Studies in this field have been undertaken in different corners of the world
with hardly any forum for interaction among scholars, leading to confusion and
disagreement on many matters. Sidwell's acknowledgment that this work is not the
final word on Austroasiatic classification is not a reflection of any lack of
inspiration on the author's part, but a realistic reflection of the state in
which Austroasiatic studies lie today. If there is one message, it is the need
for consolidation of ideas in this field. That some of the languages of the
family are spoken in terrains which are geographically or politically hostile
have not helped the cause either. In the 170 years of scholarship, dating from
missionary studies to the present scholars, the field hardly has any native
speakers taking up linguistic descriptions and classification studies,
reflecting a serious lacuna in the field. With hardly any governmental interest
in the study of many tribal languages, and the initial phase of a racial lumping
together of all non-European speech-forms on the basis of skin-tone of the
speakers, the field has grown slowly. Sidwell notes grimly how race played a
significant role, in how, many scholars attempted genetic study of languages.
That many varieties have recently been studied and some still remain unexplored,
makes the wait for any definitive conclusions on classification still longer.
Sidwell notes that most of the attempts at classification of these languages
have been lexicostatistical and typological and not on the robust cladistic
studies of phonology and lexicon. This could be a major reason behind the lack
of robustness in Austroasiatic classification.

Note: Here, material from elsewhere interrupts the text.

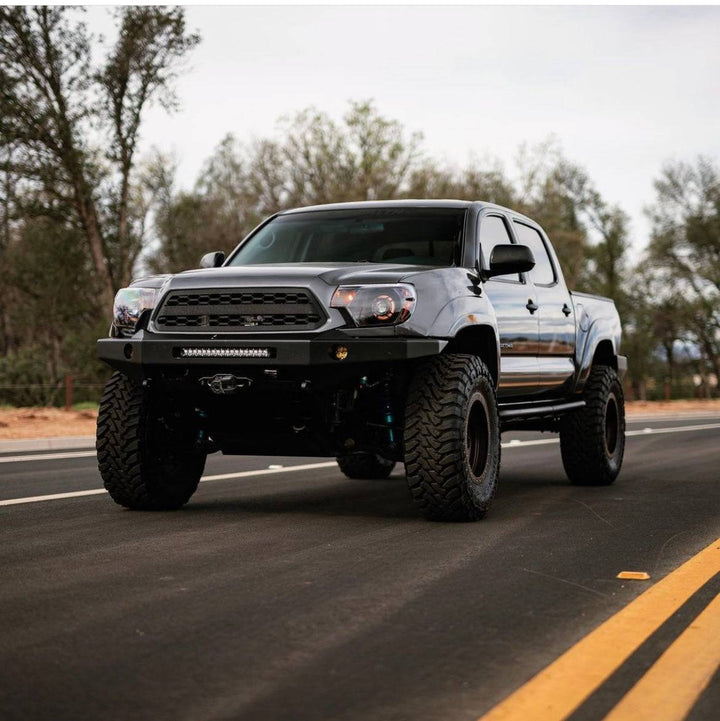 Silver Toyota Tacoma truck equipped with a rugged BPF 2012-2015 Toyota Tacoma Grill, featuring CNC fabricated grill mesh and aftermarket off-road enhancements.
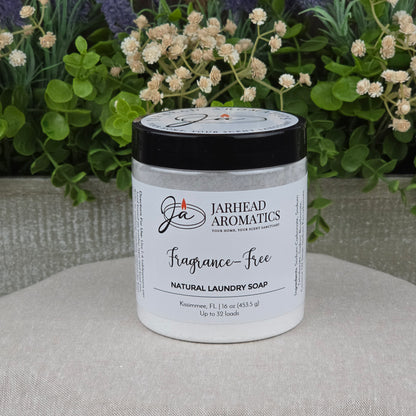 A jar of Jarhead Aromatics Fragrance-Free Handmade Natural Laundry Soap, a non-toxic powder detergent for sensitive skin, rests on a light surface with green plants and flowers in the background. The white jar has a black lid and clean label.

A book with such an expansive coverage will have omissions. Notably lacking here
is an index of languages and an index of the scholars. In his introductory
remarks, Sidwell notes that language plays an important role in understanding
the history of the regions inhabited by its speakers. He places the need for a
proper classificatory understanding of the Austroasiatic phylum in this context.
However he does not develop this theme any further in the book except for a
brief discussion on the Urheimat of the Austroasiatic people (based more on
ethnographic than linguistic grounds). Of course with any book that attempts to
take into account a vast range of studies, some readers may find that scholastic
tradition and views on certain branches have been represented quite adequately,
while the discussion on some other branches have been sketchy. Sidwell is an
expert on Bahnaric and well-read on this branch, which is reflected by 14 pages
on Bahnaric while branches like Khmeric, Monic, Munda have less than 5 pages
devoted to them.

The book is marred by glaring typographical and grammatical errors, such as:
'just because it is has a strikingly different typology' (58), 'vernaculars
could be prove very important' (101), 'Census if India data for Nicobars' (124)
among others. The References section follows no established norms and is
internally inconsistent. While the reproduction of plates has been carried out
well, the quality of some of the tables and figures is disappointing: Why are
there scanned tables and figures when these could have been reset? For example,
the table representing Mason's Talaing-Kole comparison (7) is a low-resolution
scan, and difficult to read at some places. The figure in (130) on the
'Classification of Waic dialects by Diffloth (1980)' suffers similarly due to
its low resolution.

These minor matters aside, one thing is sure: future students of Austroasiatic
will be grateful to Sidwell for having brought together these major references
and works on Austroasiatic languages. One would also hope that a companion
volume to this would also be made available in the future with more detailed
analysis of the phylum.


Anish Koshy is an Assistant Professor in Linguistics in the Department of ELT, Linguistics & Phonetics, The English & Foreign Languages University, Hyderabad, India. His research interests lie in working on the lesser-studied languages of India, and working on South Asian languages from a typological perspective. He is currently working on the typological nature of clitics in the Austroasiatic languages of India, namely the Munda and the Khasian branches.